John Marsden is Express Media's patron. Mr Marsden's books, which include the immensely popular Tomorrow, When The War Began series, have been acclaimed by readers and critics around the world.

"I've had a good look at the many activities that Express Media offers," John says. "It's an extraordinary range, and very contemporary. They cover areas that didn't even exist ten or twenty years ago. They are allowing young people to express their creative visions. In an ocean of gluggy stuff like television and video games, Express Media is offering the chance for authentic and lively artistic activity. I was very happy to be asked to be their patron, and hope I can be of some use.'

Not only is John a successful professional writer, which is rare enough in Australia, he is also immensely popular with young people, and is dedicated to encouraging their creative expression. We are extremely excited to be working with John.

About John Marsden
John Marsden was born in Melbourne in 1950, the third of four children. He began a teaching career at 28, which included nine years at Geelong Grammar, during which time he became Head of English at the school’s prestigious Timbertop campus. John’s first novel, So Much To Tell You, was published in 1987, and won the 1988 Children's Book Of the Year Award, the Allan Marshall Award, the KOALA Award and, in America, the Christopher Medal. Among his many other books are Tomorrow, When The War Began, (first published in 1994, and in 1995 winning the older readers' sections of every state award judged by children and teenagers themselves. It has been reprinted 33 times in Australia and the series has helped push John's worldwide sales to almost three million.); Dear Miffy (1997), a tough novel about a new underclass of Australian youth; and Secret Men's Business (1998) a groundbreaking work written specifically not for parents or teachers, but for young men themselves. John has been called 'the most popular author today in any literary field' (THE AUSTRALIAN) and is also committed to teaching. His regular writing courses at the Tye Estate outside Melbourne are popular with adults and young people alike.

About the Marsden Prize
Since 2005 John has generously funded and supported a prize to encourage creative literary work by young people. The annual prize is launched in May each year with entries closing in August. More information about the prize to follow.

Lisa Pham

Lisa Pham is the former Chair of the Express Media Management Committee.
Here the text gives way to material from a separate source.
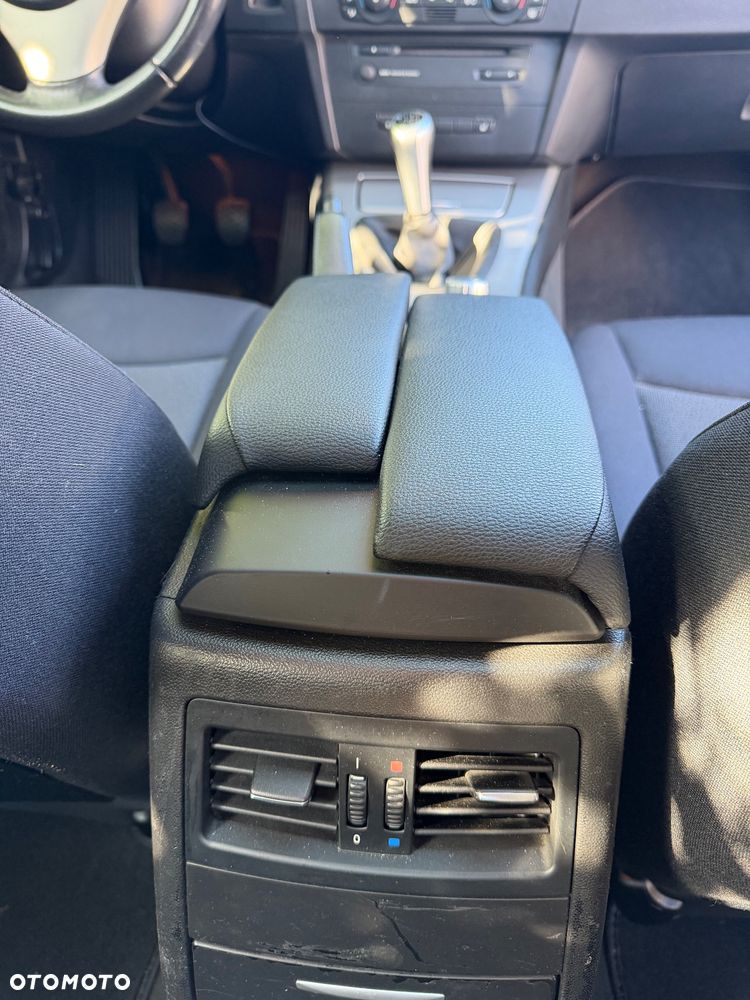 BMW Seria 3 - 28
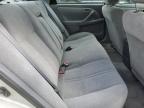2001 Toyota Camry Ce   للبيع في Graham، WA - Front End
Lisa Pham is a writer and independent media maker. She has edited and coordinated various media projects and print publications over the years, including the Monash University student newspaper, Lot's Wife. Her reviews, articles and arts features have been published on Australian and French web sites. She has also written a thesis examining the historical development of artistic communities in
Melbourne and Sydney. Lisa has been heavily involved with Express Media and Vibewire over the years and will be studying post-graduate Journalism in Paris. Her passions include the arts, writing, media and French culture. She blogs at http://coloursofbohemia.blogspot.com.

link:
Lisa\'s blog

Nicolas Low

Nic made this website, because he has absolutely nothing better to do. You can now find him over at the National Young Writers' Festival.

link:
www.dislocated.org

Staff.
Bel Monypenny

Bel is the editor of Voiceworks Magazine. After interning at Sleepers Publishing in 2006, Bel joined Express Media as a member of the Voiceworks Editorial Committee while working by day in educational publishing. She is a freelance editor and reviewer, and wishes someone would invent a laksa smoothie.

Bel Schenk

Bel Schenk is the Artistic Director of Express Media. Her poetry book ‘Ambulances & Dreamers’ was published in 2008 by Wakefield Press and up until very recently, she was the lead singer and guitarist with local Adelaide popsters Emergency Crank Radio. Melbourne called. She arrived.

Emily Andersen

Emily Andersen is general manager of Express Media. Emily has a BA (Arts) in Journalism from RMIT and a Graduate Diploma in Creative Writing from Melbourne University, and she's currently studying a Postgraduate Diploma in Community Cultural Development Practice at the Victorian College of the Arts.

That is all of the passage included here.